In fact, when the mechanical lifting system 1, 100, 200, 300 and 400 of the invention is not operating as a conveyor system and an excess of electrical energy from outside occurs, the aforesaid connection means 8 are arranged so as to operatively connect the mass 6 to the rotating electrical machine 2, in such a manner as to exploit said excess external electrical energy to activate said rotating electrical machine 2 in order to generate said rotary motion and lift said mass 6 along said predefined path T from a position at a lower height to a position at a higher height, as schematically represented in fig. 3. At the end of this lifting, the locking means 7 are activated and the mass 6 is released from the rotating electrical machine 2, in such a way as to hold the same mass 6 at the position reached, otherwise due to gravity said mass 6 would tend to descend along the aforementioned predefined path T.

In this way, energy is stored in the form of potential energy.

Similarly, at a time when the mechanical lifting system 1 , 100, 200, 300 and 400 of the invention is not operating as a transport system, and in this case a demand for electrical energy from an external consumer occurs, and evidently the potential energy storage unit 5 has already accumulated a certain amount of said potential energy, the aforementioned connection means 8 are arranged in such a way as to operatively connect the mass 6 to the rotating electrical machine 2 and the locking means 7 are controlled in such a way as to release the mass 6, as shown schematically in fig. 4.

In doing so, the mass 6, by gravity, descends freely downwards along the predefined path T. Since, as stated above, the mass 6 is operatively connected to the rotating electrical machine 2, which in turn is also configured to operate as an electrical power generator, the rotation imposed on the rotating electrical machine 2 by the translation of the mass 6 determines precisely the generation of an amount of electrical energy that can be released to the aforementioned external consumer, so as to compensate for any shortage of electrical energy from other external sources.

In particular, the mechanical lifting system 1, 100, 200, 300 and 400 of the invention could be equipped with an inverter connected to the rotating electrical machine 2 and configured to transform the electrical energy generated by the same rotating electrical machine 2 following the release of the mass 6, in order to supply said electrical energy to the consumer or to an internal distribution network (MicroGrid), or to the external distribution network with suitable characteristics.

In general, such an approach of storing potential energy through the movement of a mass 6 along a predefined path T achieves important technical advantages over any other known type of energy storage systems.

In particular, the essentially mechanical nature of the potential energy storage unit 5, applied to the mechanical lifting system 1, 100, 200, 300 and 400 of the invention, advantageously achieves a high response over time to a request for electrical energy from an external consumer, a high efficiency of storage of the aforementioned potential energy and its transformation into electrical energy, and, furthermore, a limited if not absent susceptibility to wear and tear, thus enabling such efficiency to be maintained for long periods of time.

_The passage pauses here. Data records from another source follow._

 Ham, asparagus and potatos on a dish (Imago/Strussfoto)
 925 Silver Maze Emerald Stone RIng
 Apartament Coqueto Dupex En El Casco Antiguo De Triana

Turning now to the description of the specific preferred embodiments of the invention, with regard to the first embodiment of the mechanical lifting system 1, shown in fig. 1 , said potential energy storage unit 5 also comprises second transmission members 9 configured to allow the displacement of the mass 6 along said predefined path T.

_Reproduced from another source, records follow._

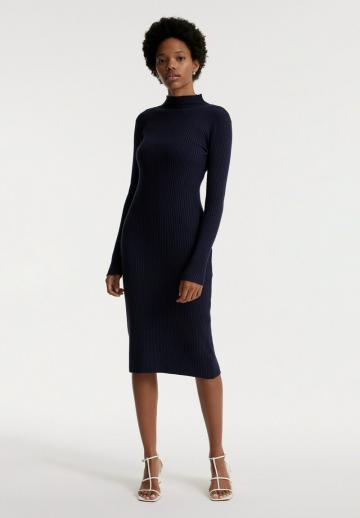 Платье футляр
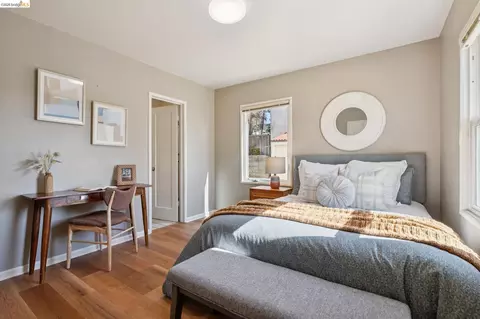 Bedroom - 1152-1156 Francisco St, Berkeley, CA 94702 photo 12 of 13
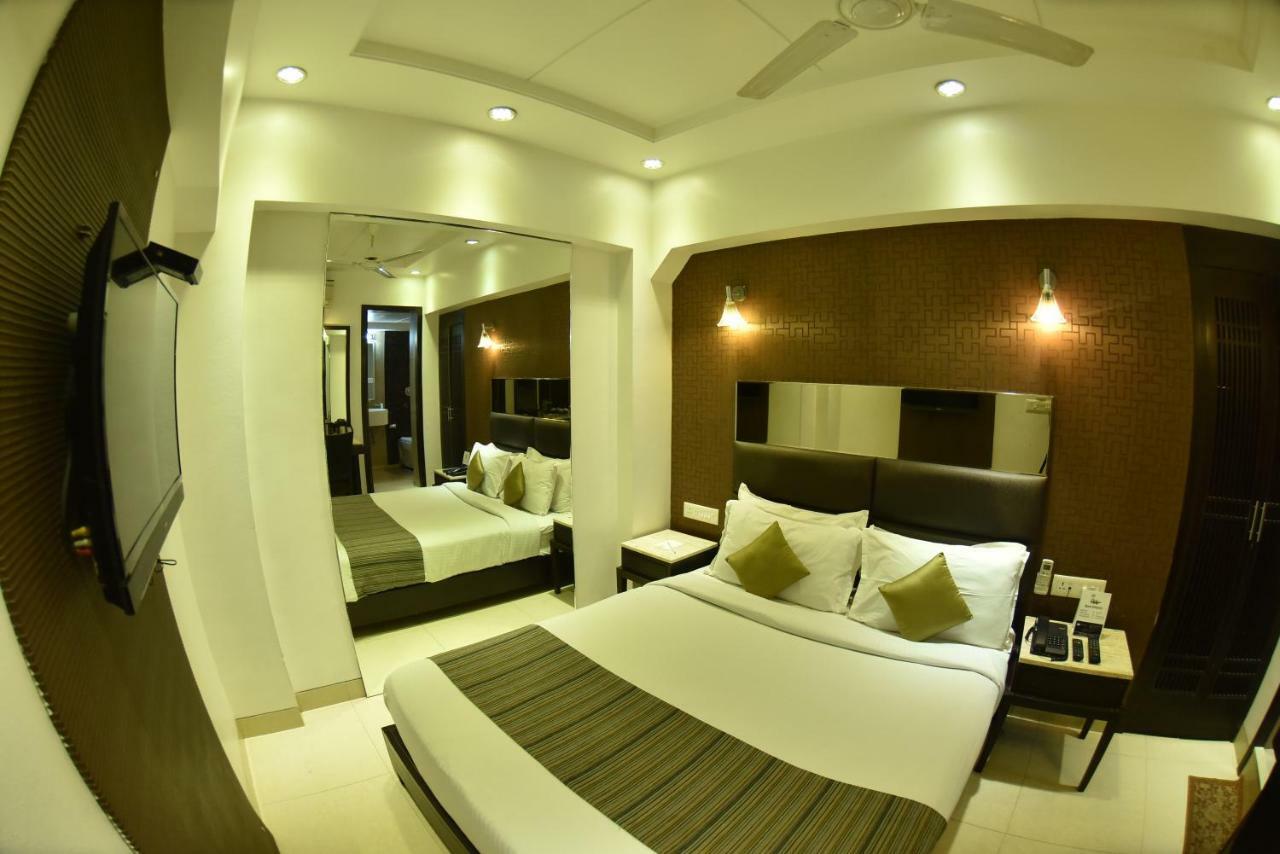 Hotel Manama Мумбаи Экстерьер фото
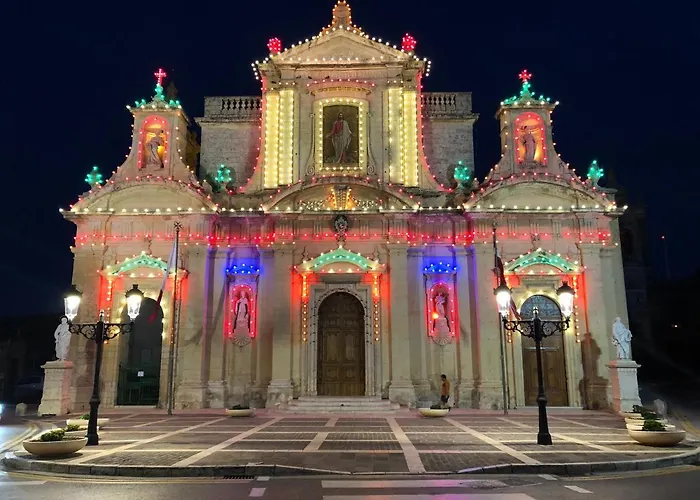 The Hidden Gem Boutique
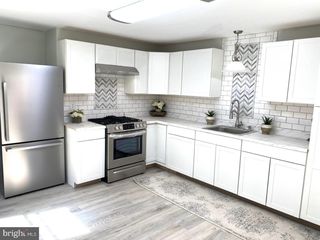 48 ELIZABETH ST, Bordentown, NJ 08505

Even more precisely, these second transmission members 9 comprise second traction ropes 92 operatively connected to the mass 6.

With regard to the aforementioned spatial points P1, P2, P3 and P4 between which, respectively, the movement of the movable transport means 3 is permitted, in particular the transport cab 31 for persons or goods, and of the mass 6, the first spatial point P1 coincides with the third spatial point P3 and the second spatial point P2 coincides with the fourth spatial point P4. In other words, the movable transport means 3, in particular the transport cab 31 for persons or goods and the counterweight 33, and the mass 6 have the possibility of moving along the same predefined path T between the same spatial points.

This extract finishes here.